Another Communist Party princeling apologises for Cultural Revolution atrocities

Following a rare apology issued last year by Chen Xiaolu, the son of one of the Communist Party's founding generals, for his wrongdoings during the Cultural Revolution, the daughter of another Communist Party elder has also stepped up to express remorse for her connection to the death of her middle school principal 48 years ago.
Song’s father, Song Renqiong (1909-2005), was one of the Communist Party’s founding generals and a member of the "Eight Immortals", the most powerful elders in the Party's top echelon in the 1980s and 1990s.
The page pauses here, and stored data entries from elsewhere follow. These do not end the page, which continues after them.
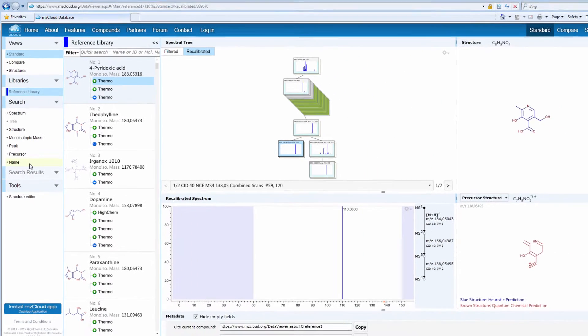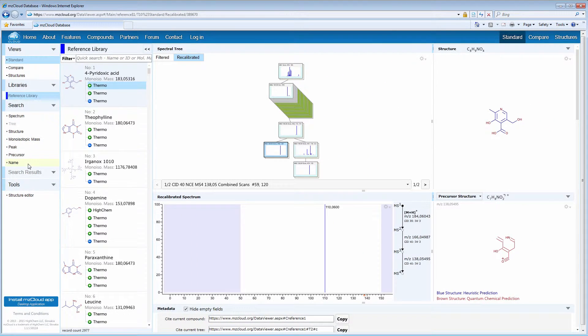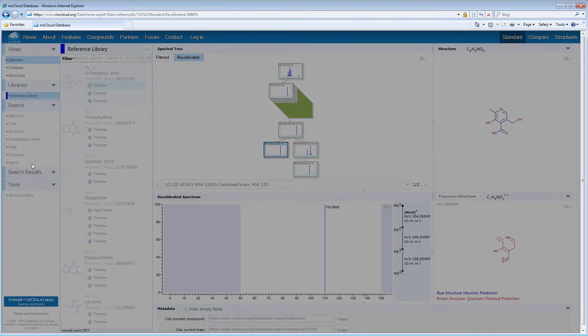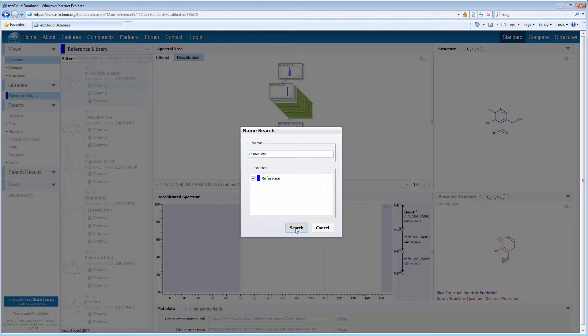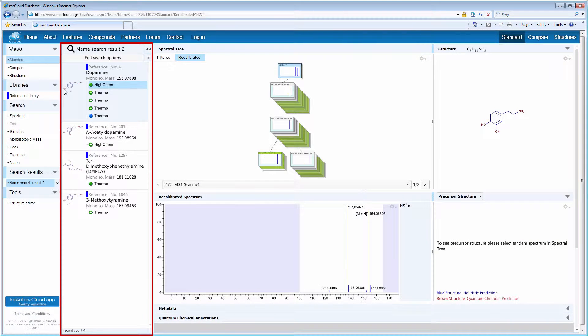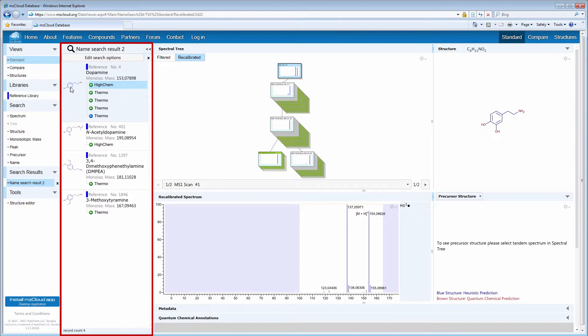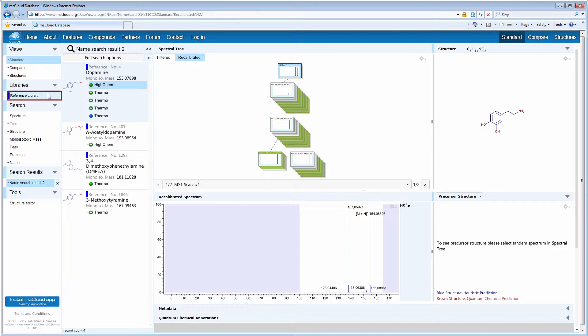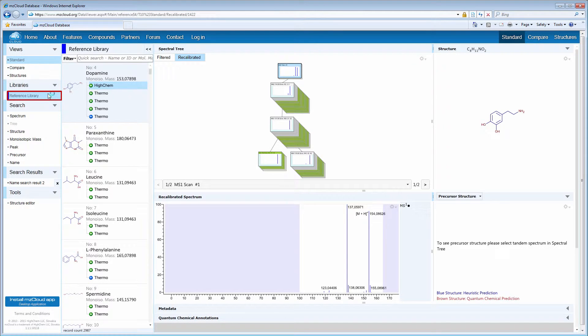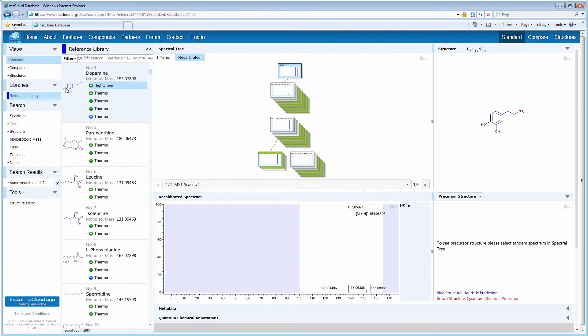If you search with any one of them, for example the Name Search, the results will end up in the Search Results pane. To go back to the full library view, click on the Reference Library menu item.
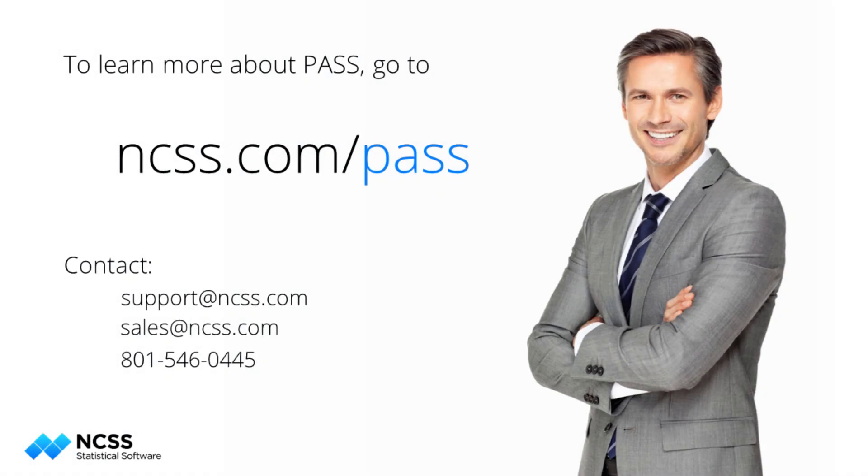To learn more about this sample size procedure or the hundreds of other sample size tools in PASS, see the help documentation that is installed with the software and is also available online at ncss.com.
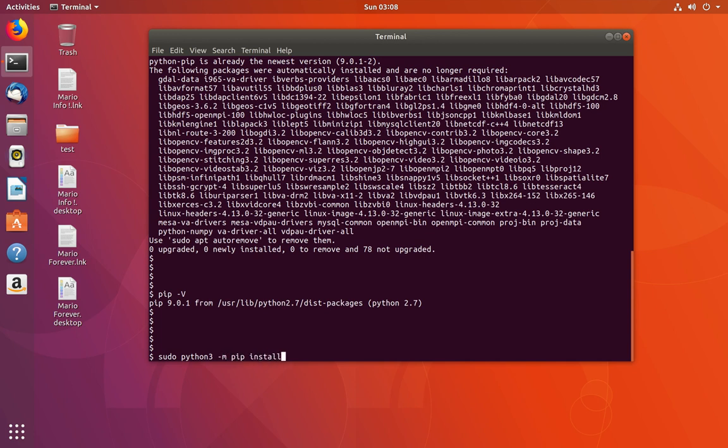tensorflow. This command will install TensorFlow for Python 3.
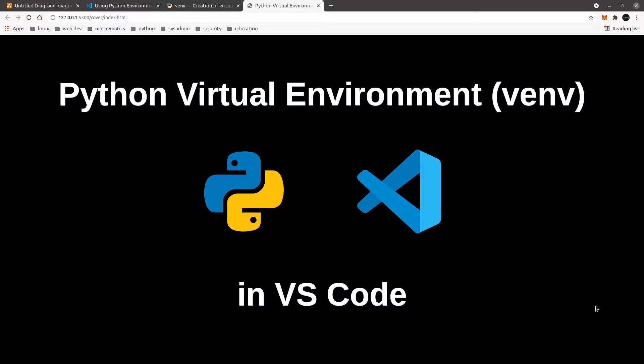Hello and thanks for joining me in this video. We're going to solve a problem I've run into recently: using Python virtual environments in VS Code, I've had trouble selecting the appropriate Python interpreter for the project — meaning I wanted to use the Python isolated to that virtual environment.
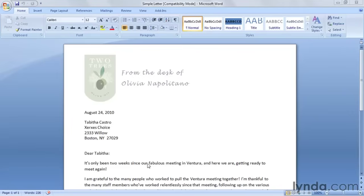Mail Merge requires two documents. The first is a primary document created in Word that contains text used in every document, as well as instructions on where to insert variable text. Let's take a look at an existing document and decide what portions would be used in every single version and what portions are variable.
The younger Song, who was studying at a high school attached to Beijing Normal University at the time, became a symbolic figure in the frantic and often violent Red Guard movement after a meeting with Mao Zedong on top of the Tiananmen Rostrum in August 1966, where Mao encouraged Red Guards from around the nation to resort to violence in their "continued revolution".
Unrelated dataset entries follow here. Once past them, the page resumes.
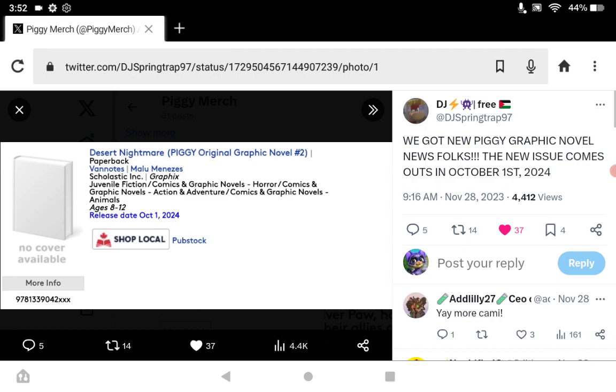I think next year we're going to get some more Piggy UGC merch. I don't know what they would be, but I think we're going to get something Piggy-related for UGC, because last year we got something and this year we got something, so I think 2024 we should get more UGC.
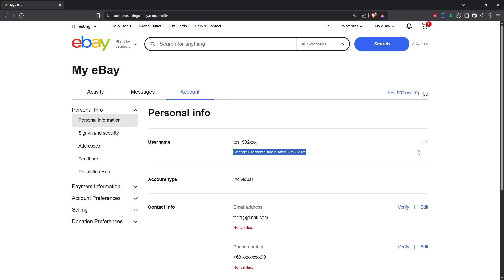By following these steps, you've successfully changed your account name on eBay. Remember, it's always good practice to recheck your account settings periodically to ensure that all your information is current and accurate. Keeping your username updated can help maintain a professional and recognizable presence on eBay.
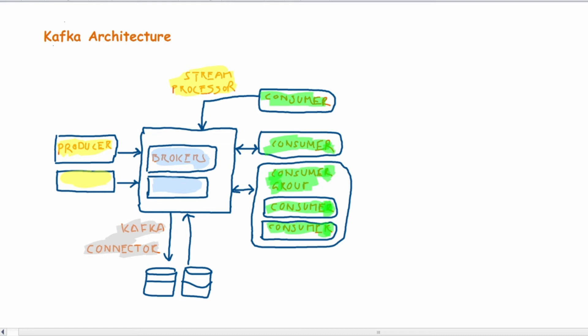The consumers can start consuming the messages from the Kafka brokers and the consumer can be a single consumer or it can be a group of consumers. Apart from that, Kafka also has a concept of stream processors.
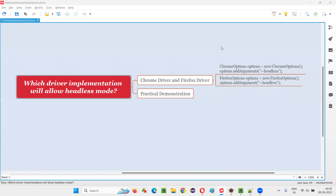Hello all, welcome to this session. In this session, I am going to answer one of the Selenium interview questions: which driver implementation will allow you to run Selenium automation scripts in headless mode?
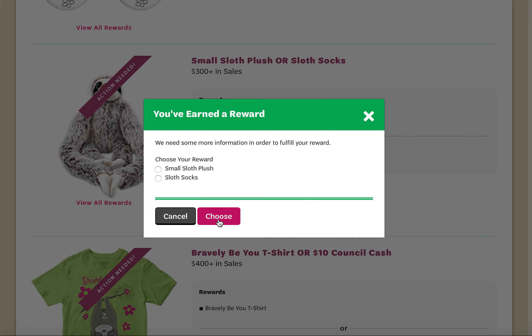Your reward order will be processed with the rest of the Council's reward items at the end of the Fall Product Program.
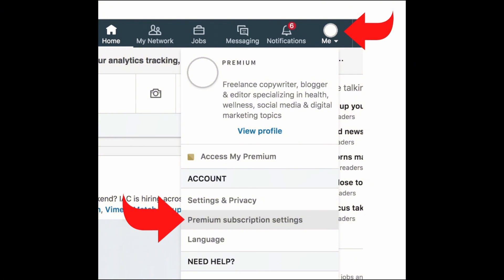Once logged in, click on your profile picture or icon in the top right corner of the LinkedIn homepage. This will open a drop down menu. In the drop down menu, click on access my premium or manage premium account option. The premium subscription settings option is available, so simply tap on that.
The inability to protect school leaders is my lifelong regret
A photo published on The Beijing News on Monday shows Song and some of her former fellow classmates bowing in front of a statue of Bian Zhongyun, the party secretary and vice principal of the school at the time who was persecuted and brutally beaten to death by students two weeks before Song's historic meeting with Mao. She was among the first of educators to be killed during the Cultural Revolution.